In a nutshell, Naila and I have different skills and training we bring to the course, but we’re trying to move students into the same place—a place where they can write a high-quality piece in a journalistic style informed by data.

Students learn a combination of skills and improve their abilities with research, writing, data wrangling, and data visualization. We read current articles in various publication venues and workshop their writing in multiple ways. In total, students write three pieces of data journalism, and some of them get published!

Naila: We have a great teamwork relationship. I rely enormously on Ben’s skill in discovering, parsing, and making sense of data sets. My own skills tend to shine most in the direct reporting, writing, and structural design aspects of journalism. Together, he and I discuss newsworthy themes that might reward a data approach for examples or project work for students.

In the classroom, as Ben noted, we start by teaching basic skills that underpin data journalism via shorter written assignments. We then help students design a larger journalistic team project within their own interests.

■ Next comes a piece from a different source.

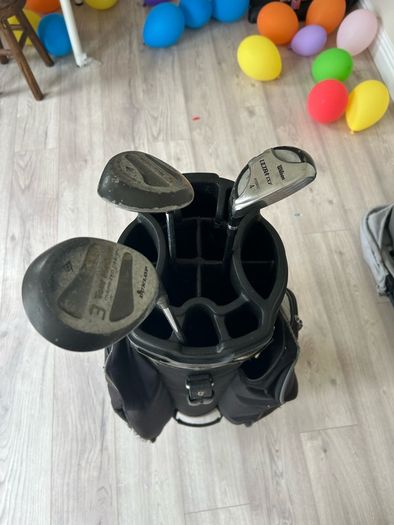 golf bag with drivers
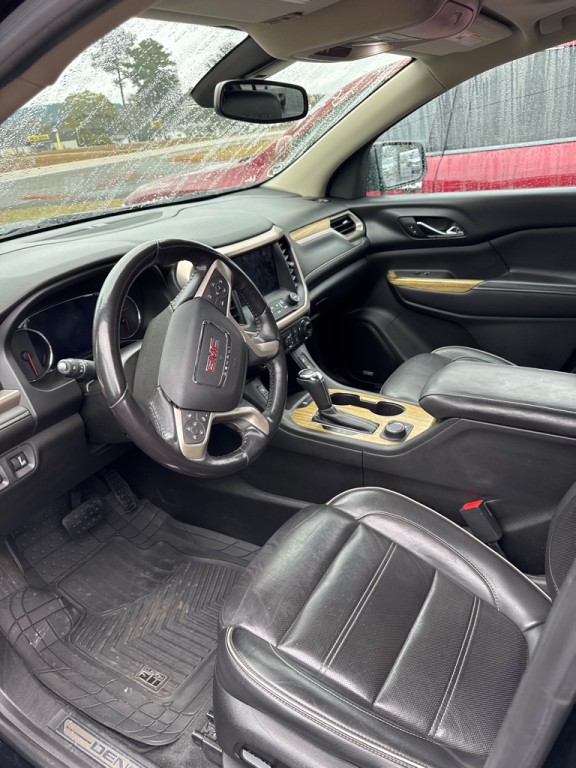 2018 GMC Acadia Image 3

I try to treat students as if they are already professionals and, indeed, we’ve had student pieces published in our local paper, the Daily Hampshire Gazette.

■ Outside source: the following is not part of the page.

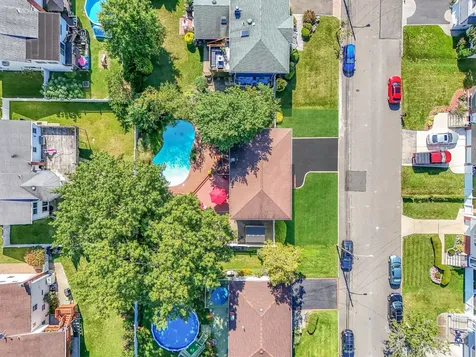 44 N Kings Avenue Lindenhurst NY 11757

Do your students pitch stories to you, or do you give them topics to write about?

Ben: Yes, they pitch ideas to us, and we use our collective experience to help them craft viable articles from their pitches. That process has actually been interesting in its own right, because Naila and I have different hunches about what might make a story successful or unsuccessful. Sometimes, the feedback is like, “That’s a great idea, but where are you going to get the data?” Other times, it’s more like, “That’s a cool data set, but what is the story?”

Ultimately, the stories they write come from a student-generated, instructor-approved curated list.

Naila: We do a lot of scaffolding work to guide students toward newsworthy topics, always aiming to clarify exactly what “newsworthy” means—having a timely news peg, an audience, an impact, a doable scope, etc. We also push them to find and explore data sets from sources they may not have known about or thought of before.

However, the thrust of their articles always comes from them. The students surprise me all the time—they bring so much to the table in terms of their own interests and ideas. From their existing knowledge, we work to hone their approach to make it manageable, journalistic, readable, and informative.

Can an individual be both a writer and a data scientist, or do the two generally collaborate?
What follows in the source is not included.